◆ Your objective
Set down the records once more, please, exactly and with the pictures left out.

++++

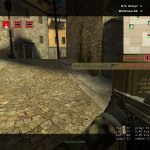 German_Camo_Sleeves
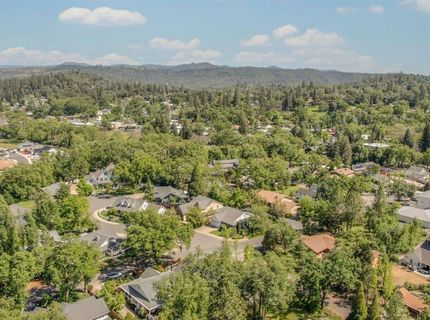 520 Sunny Oak, Murphys, CA 95247 Photo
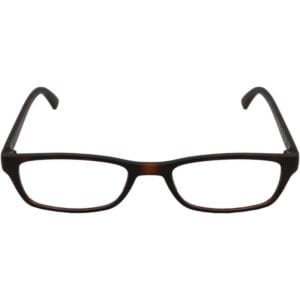 Óculos de Grau B+D Reader Matt Tortoise +1.00 2400-88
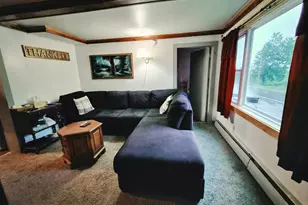 945 Main St, Jay, ME 04239 - Photo 12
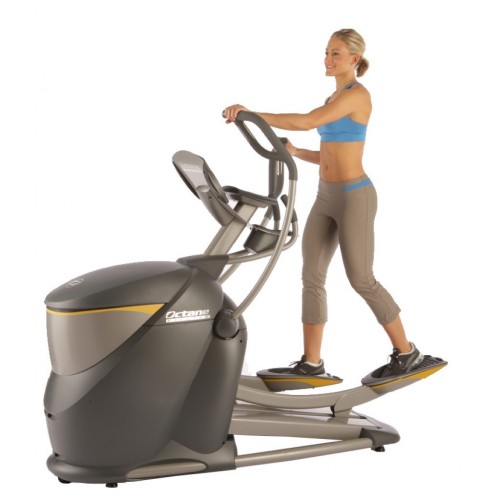 Octane Fitness Pro 4700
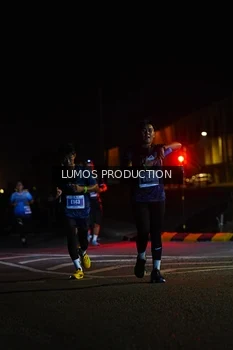 Runner Photo 4841583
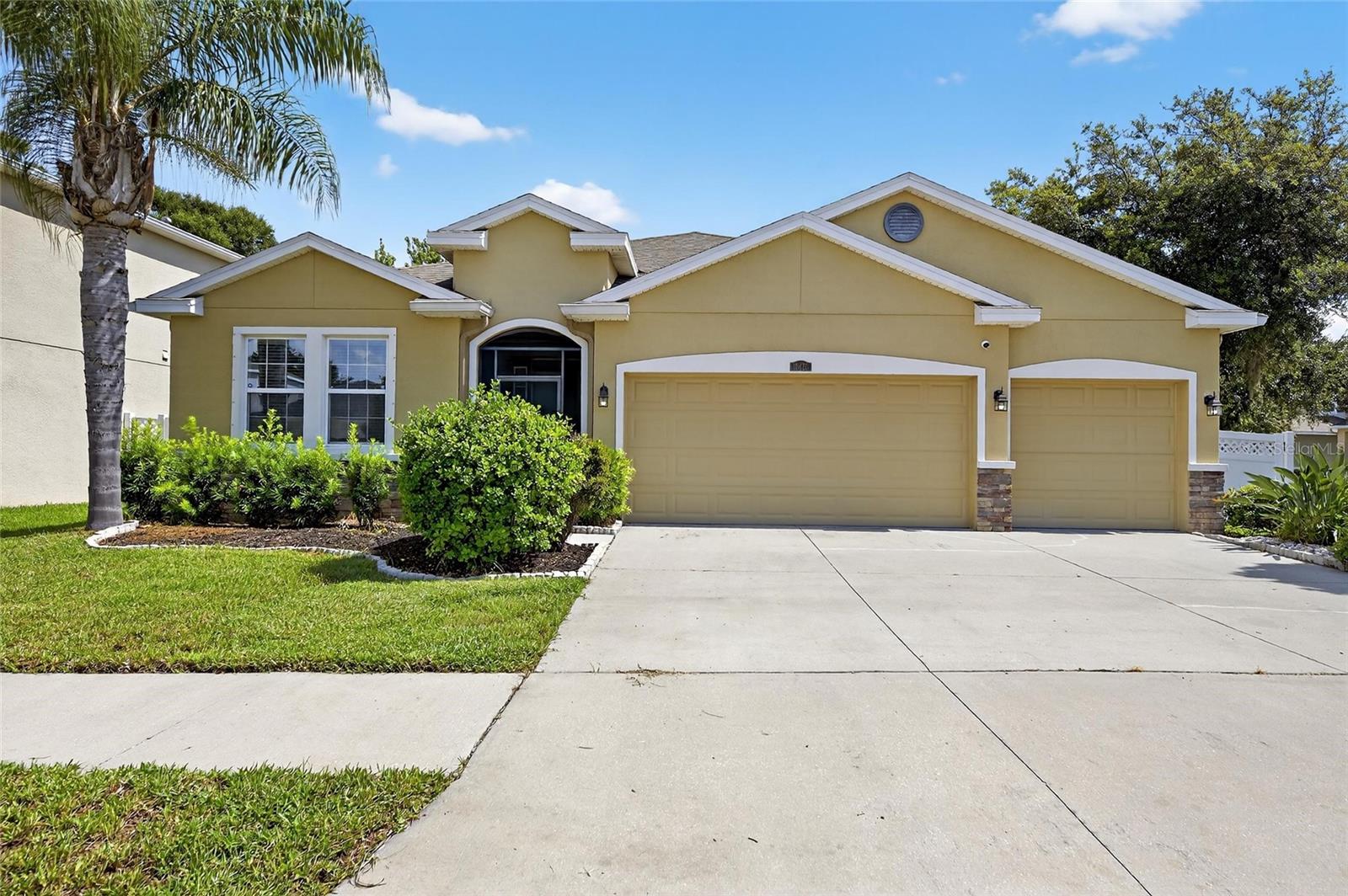 Details for 10420 Pleasant Spring Way, RIVERVIEW, FL 33578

++++

◆ Solution to this task
 German_Camo_Sleeves
 520 Sunny Oak, Murphys, CA 95247 Photo
 Óculos de Grau B+D Reader Matt Tortoise +1.00 2400-88
 945 Main St, Jay, ME 04239 - Photo 12
 Octane Fitness Pro 4700
 Runner Photo 4841583
 Details for 10420 Pleasant Spring Way, RIVERVIEW, FL 33578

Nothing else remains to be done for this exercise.